Large output differences when using torch.no_grad() with TransformerEncoder (FlashAttention?)

I’m noticing large differences (elements differ by more than 1) in tensors produced by running a forward pass with a TransformerEncoder with and without torch.no_grad. I believe this is caused by one using FlashAttention and the other not.

Is this just a consequence of accumulated floating point differences? I don’t observe the behavior when no mask is provided (max abs difference is ~1e-6). Torch version is 2.6.0

import torch.nn as nn
import torch

torch.manual_seed(10)

SEQ_LENGTH=30
EMBEDDING_DIM=128
BATCH_SIZE=16

fake_tokens = torch.ones(BATCH_SIZE, SEQ_LENGTH, EMBEDDING_DIM, requires_grad=True)
fake_mask = torch.ones((BATCH_SIZE, SEQ_LENGTH), dtype=bool).cpu()
fake_mask[:, :-SEQ_LENGTH//4] = 0
encoder_layer = torch.nn.TransformerEncoderLayer(d_model=EMBEDDING_DIM, nhead=4, batch_first=True, dropout=0.0)
encoder = torch.nn.TransformerEncoder(encoder_layer, 8).eval()

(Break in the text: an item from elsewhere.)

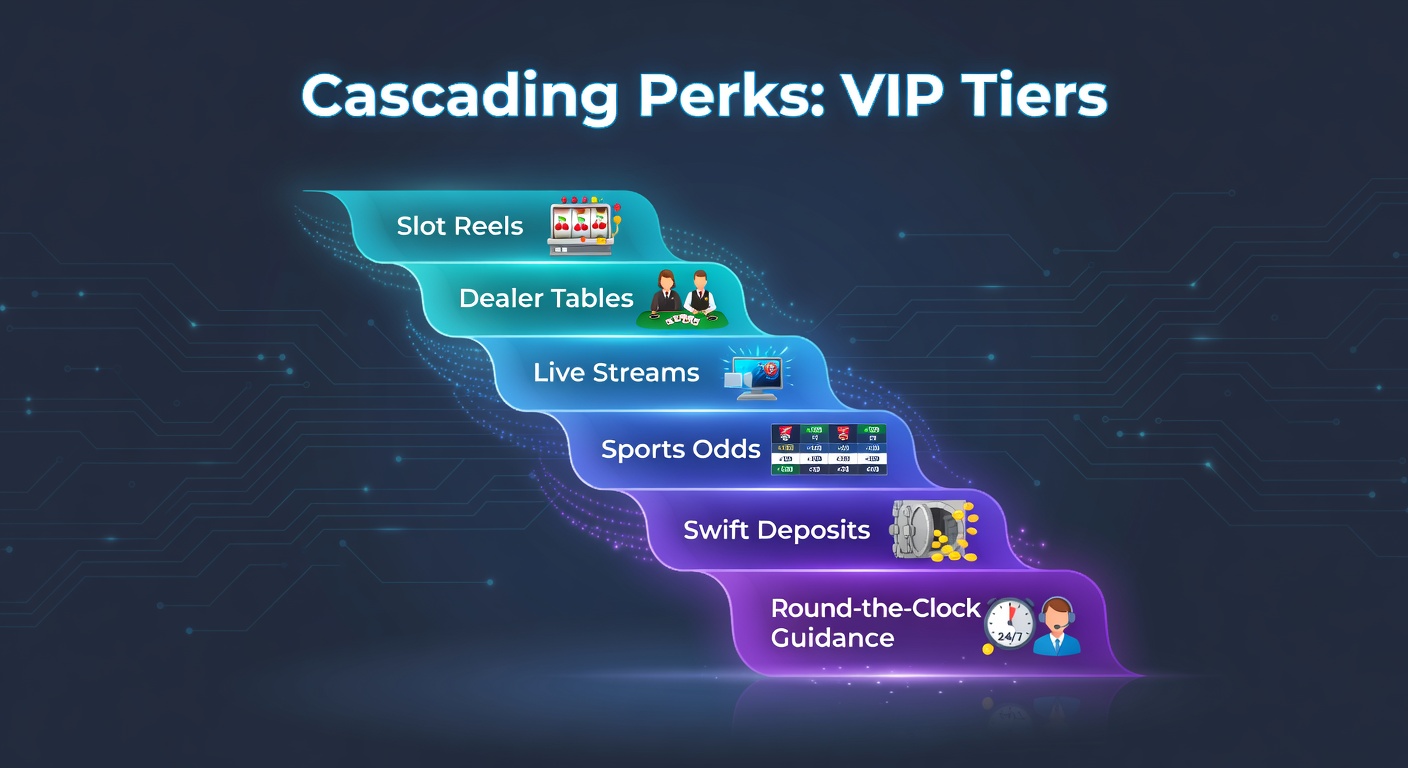 Vibrant display of cascading VIP rewards overlaying slot reels, live dealer tables, and sports betting interfaces in a dynamic online casino environment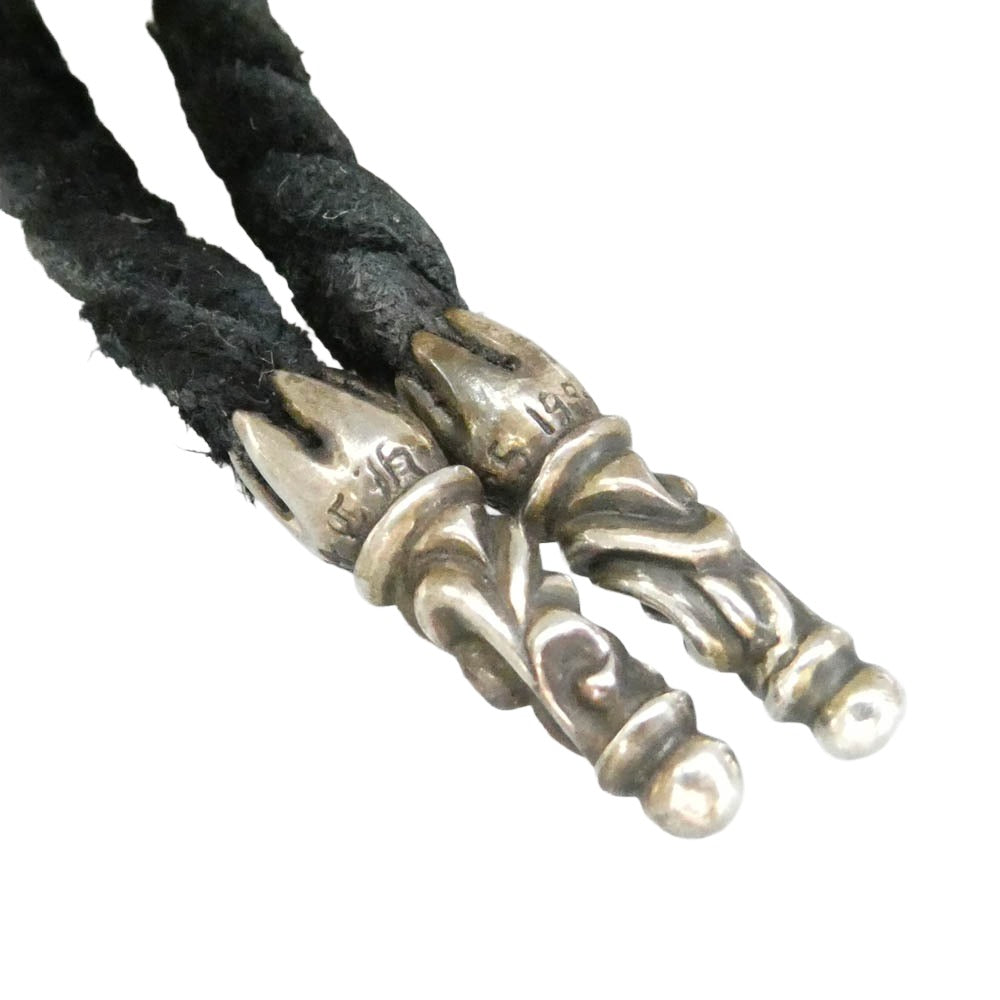 CHROME HEARTS クロムハーツ（原本無） LEATHER BRAID スクロール レザーブレード ネックレス ブラック系 シルバー系【中古】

fake_out = encoder(fake_tokens, src_key_padding_mask=fake_mask, is_causal=False)
with torch.no_grad():
    fake_out_no_grad = encoder(fake_tokens, src_key_padding_mask=fake_mask, is_causal=False)
    
print(torch.abs(fake_out - fake_out_no_grad).max())

Output:

tensor(2.8289, grad_fn=<MaxBackward1>)